## Activity
Within the records below, reproduce without change the lines from the line that has "Distal Phalanx Fracture 2" through the line that has "나 팔꿈치 <b>뾰족</b>함", and only those.
● ● ● ●
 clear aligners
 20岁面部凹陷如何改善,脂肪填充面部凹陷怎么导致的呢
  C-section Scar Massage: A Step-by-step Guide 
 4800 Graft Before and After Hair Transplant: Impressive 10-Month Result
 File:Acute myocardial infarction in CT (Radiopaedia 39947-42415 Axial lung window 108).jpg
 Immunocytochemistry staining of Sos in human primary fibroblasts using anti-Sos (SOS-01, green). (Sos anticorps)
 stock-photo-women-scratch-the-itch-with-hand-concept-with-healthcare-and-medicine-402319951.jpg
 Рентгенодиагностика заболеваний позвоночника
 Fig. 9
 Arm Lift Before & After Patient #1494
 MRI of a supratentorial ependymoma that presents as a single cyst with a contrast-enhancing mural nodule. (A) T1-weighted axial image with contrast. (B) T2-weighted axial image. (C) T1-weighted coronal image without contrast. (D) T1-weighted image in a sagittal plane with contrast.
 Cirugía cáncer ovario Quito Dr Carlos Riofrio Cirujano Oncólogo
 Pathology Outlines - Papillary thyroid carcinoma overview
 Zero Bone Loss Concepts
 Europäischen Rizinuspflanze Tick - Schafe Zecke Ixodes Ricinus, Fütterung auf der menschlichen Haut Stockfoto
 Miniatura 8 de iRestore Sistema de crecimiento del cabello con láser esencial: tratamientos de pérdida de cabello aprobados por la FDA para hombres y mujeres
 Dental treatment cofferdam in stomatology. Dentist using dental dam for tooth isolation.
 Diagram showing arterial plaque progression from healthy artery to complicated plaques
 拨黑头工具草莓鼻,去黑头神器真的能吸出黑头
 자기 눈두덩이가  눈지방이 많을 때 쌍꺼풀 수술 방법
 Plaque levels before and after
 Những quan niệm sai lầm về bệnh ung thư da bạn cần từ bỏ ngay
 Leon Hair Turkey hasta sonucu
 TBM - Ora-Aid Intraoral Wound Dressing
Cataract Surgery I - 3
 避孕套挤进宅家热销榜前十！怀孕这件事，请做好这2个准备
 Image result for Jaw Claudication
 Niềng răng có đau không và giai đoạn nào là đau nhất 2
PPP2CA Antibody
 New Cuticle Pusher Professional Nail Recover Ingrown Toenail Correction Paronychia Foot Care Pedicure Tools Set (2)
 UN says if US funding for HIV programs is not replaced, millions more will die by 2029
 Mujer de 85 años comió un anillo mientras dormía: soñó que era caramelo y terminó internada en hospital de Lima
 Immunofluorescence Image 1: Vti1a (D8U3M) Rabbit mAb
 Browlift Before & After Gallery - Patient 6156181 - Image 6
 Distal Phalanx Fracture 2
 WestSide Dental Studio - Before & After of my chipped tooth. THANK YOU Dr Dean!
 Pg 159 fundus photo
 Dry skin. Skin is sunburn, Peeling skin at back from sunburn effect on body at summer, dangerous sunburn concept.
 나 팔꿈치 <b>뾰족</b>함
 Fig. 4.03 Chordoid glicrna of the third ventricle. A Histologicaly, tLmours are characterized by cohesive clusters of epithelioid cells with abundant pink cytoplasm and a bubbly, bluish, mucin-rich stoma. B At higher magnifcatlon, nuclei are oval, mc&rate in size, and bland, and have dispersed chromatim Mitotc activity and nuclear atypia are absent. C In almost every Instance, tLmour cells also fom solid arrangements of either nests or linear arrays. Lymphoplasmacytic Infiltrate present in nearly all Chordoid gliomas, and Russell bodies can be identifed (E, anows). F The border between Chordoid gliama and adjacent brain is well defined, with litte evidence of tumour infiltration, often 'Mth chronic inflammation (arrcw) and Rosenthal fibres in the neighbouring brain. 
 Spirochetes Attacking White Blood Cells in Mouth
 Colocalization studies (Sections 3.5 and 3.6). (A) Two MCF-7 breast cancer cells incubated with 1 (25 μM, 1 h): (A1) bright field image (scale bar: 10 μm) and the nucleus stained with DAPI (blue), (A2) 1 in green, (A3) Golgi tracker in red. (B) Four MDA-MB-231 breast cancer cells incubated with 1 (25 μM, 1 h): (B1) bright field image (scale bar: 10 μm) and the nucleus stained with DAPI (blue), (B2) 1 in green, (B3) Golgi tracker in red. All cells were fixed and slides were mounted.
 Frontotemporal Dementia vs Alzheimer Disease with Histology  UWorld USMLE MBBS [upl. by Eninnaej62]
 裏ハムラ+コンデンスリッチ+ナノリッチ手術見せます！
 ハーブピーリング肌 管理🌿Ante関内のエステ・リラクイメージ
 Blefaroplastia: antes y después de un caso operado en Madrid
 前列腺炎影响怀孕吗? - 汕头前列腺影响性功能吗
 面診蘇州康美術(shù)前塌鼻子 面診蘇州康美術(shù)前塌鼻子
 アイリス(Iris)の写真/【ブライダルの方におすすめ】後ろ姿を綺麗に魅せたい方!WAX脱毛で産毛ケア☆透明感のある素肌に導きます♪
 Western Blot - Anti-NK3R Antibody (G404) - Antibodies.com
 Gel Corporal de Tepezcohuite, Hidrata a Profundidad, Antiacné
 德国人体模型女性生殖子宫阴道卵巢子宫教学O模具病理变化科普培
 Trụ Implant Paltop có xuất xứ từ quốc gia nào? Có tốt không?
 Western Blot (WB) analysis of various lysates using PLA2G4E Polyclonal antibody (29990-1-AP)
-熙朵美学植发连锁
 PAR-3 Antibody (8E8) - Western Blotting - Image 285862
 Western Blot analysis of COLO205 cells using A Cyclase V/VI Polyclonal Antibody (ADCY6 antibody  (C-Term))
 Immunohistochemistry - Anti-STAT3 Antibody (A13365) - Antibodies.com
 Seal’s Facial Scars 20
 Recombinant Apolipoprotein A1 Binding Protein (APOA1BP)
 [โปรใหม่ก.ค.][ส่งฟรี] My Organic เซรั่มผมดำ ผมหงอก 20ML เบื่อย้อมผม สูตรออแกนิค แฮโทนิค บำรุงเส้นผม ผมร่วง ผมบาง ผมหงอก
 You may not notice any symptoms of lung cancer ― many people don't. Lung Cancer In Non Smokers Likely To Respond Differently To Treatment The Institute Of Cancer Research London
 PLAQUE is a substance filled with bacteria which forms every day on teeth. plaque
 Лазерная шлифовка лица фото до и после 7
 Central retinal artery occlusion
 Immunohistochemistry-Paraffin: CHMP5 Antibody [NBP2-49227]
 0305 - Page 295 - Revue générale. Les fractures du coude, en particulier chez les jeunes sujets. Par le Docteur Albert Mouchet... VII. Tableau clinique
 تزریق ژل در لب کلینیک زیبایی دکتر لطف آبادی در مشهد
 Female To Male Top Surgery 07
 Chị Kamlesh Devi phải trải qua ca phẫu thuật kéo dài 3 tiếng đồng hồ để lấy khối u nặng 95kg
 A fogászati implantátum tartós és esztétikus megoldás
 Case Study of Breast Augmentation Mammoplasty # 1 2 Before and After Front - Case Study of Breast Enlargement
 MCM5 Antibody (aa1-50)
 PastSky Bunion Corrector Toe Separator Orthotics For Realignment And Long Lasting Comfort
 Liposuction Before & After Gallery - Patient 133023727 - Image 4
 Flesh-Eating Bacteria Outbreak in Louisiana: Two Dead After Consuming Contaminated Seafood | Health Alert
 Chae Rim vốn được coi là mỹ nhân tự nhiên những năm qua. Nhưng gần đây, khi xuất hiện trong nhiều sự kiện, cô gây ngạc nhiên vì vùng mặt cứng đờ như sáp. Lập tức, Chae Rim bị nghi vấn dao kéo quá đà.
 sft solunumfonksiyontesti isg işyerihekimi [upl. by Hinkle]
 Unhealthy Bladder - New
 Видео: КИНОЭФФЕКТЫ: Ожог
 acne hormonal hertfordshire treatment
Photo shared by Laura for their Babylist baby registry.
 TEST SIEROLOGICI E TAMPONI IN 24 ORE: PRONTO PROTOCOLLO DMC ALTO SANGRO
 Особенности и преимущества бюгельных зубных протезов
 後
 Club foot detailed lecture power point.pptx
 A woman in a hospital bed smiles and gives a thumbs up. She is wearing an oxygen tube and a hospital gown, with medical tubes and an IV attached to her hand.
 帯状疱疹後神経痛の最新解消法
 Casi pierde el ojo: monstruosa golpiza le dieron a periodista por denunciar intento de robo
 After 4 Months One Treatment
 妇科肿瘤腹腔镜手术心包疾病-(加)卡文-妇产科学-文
● ● ● ●
## Result of this task
 Distal Phalanx Fracture 2
 WestSide Dental Studio - Before & After of my chipped tooth. THANK YOU Dr Dean!
 Pg 159 fundus photo
 Dry skin. Skin is sunburn, Peeling skin at back from sunburn effect on body at summer, dangerous sunburn concept.
 나 팔꿈치 <b>뾰족</b>함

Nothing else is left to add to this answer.